For the countries of the Gulf Cooperation Council (GCC), fast-growing populations, increased food consumption rates, relatively small agricultural sectors and limited water resources make food security a vital issue. The UAE is no exception. Of all the GCC countries, in 2013 the UAE had the highest per capita food consumption rate of 1,486 kg per year and is expected to hold the lead through at least 2017.
With high consumption comes a high level of waste. It is estimated that nearly 3.27 million tons of food is wasted in the UAE every year. This wasted food is worth more than USD3.54 billion. In Dubai, for instance, food waste accounts for approximately one-third of all waste that ends up in the landfill.
A significant contributor to food waste is the hospitality sector, which is a crucial part of the UAE’s vibrant tourism and entertainment industries. Hotels and restaurants often cater to large numbers of guests at one time, which can lead very large amounts of food waste.
To help use food more efficiently, over the last three years our research team at Masdar Institute has conducted interviews with representatives of more than 50 UAE hotels to better understand the current status of food waste management in the UAE hospitality industry. We then quantified the amount of food waste generated during meal services in many of these hotels, with interesting results. We found that the waste from serving dishes in a buffet setting was often very significant.
Our team won the best presentation award when our work was presented at the World Resources Forum in Davos, Switzerland, in 2013.
Through our research, which falls under Masdar Institute’s Research Center for Water and Environment (iWater) theme of waste management and utilization, we also were able to pinpoint factors important to determining the “wastefulness” of an event. These factors include the type of service (e.g., breakfast buffets can be less wasteful than an a la carte service) and typical over-estimation of number of diners expected for a meal service.
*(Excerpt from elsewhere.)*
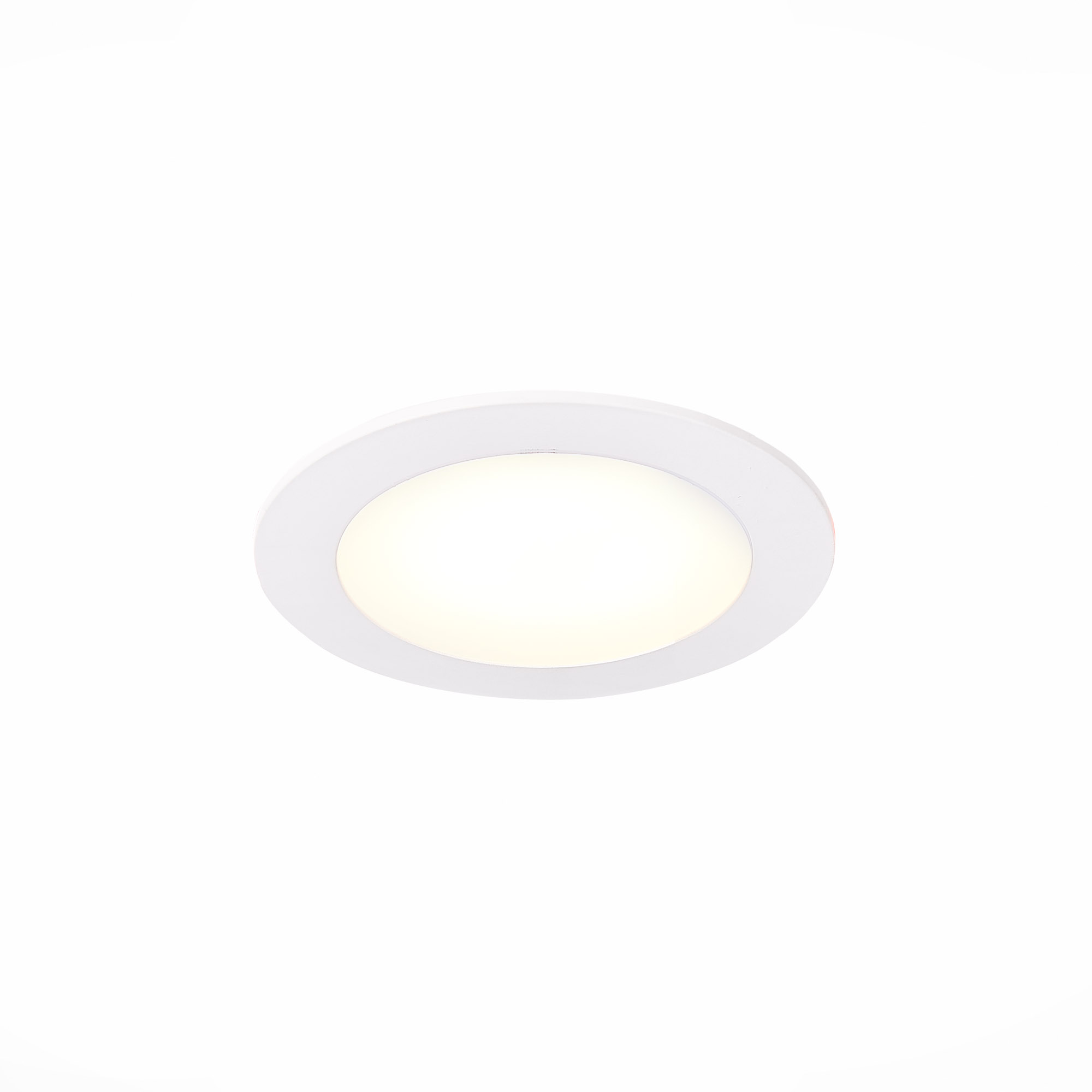 ST209.538.06 Св-к встр. Белый LED 1*6W 3000K 330Lm Ra80 110° IP20 D117xH18 90-265V Встраиваемые светильники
To account for the interplay of these various parameters, we developed a performance indicator called the Food Waste Rating for Events vis-à-vis Sustainability in the Hospitality sector (FRESH) Number, to rate the sustainability of food service at hospitality sector events. This metric is the first of its kind for the hospitality sector and has the potential to be used to rate events all around the world.
As a consequence of our work, we have been testing several possible solution strategies at different events.
One of the strategies we have developed uses a uniquely-shaped service plate for rice-based dishes. We have observed that in buffet-style meals for dishes containing both protein and carbohydrates, the protein component is often consumed first, causing a portion of the carbohydrates to be left behind, thus generating waste. Moreover, when these dishes are served to guests in this region, the service plates are filled abundantly to ensure a bountiful appearance, leading to more waste.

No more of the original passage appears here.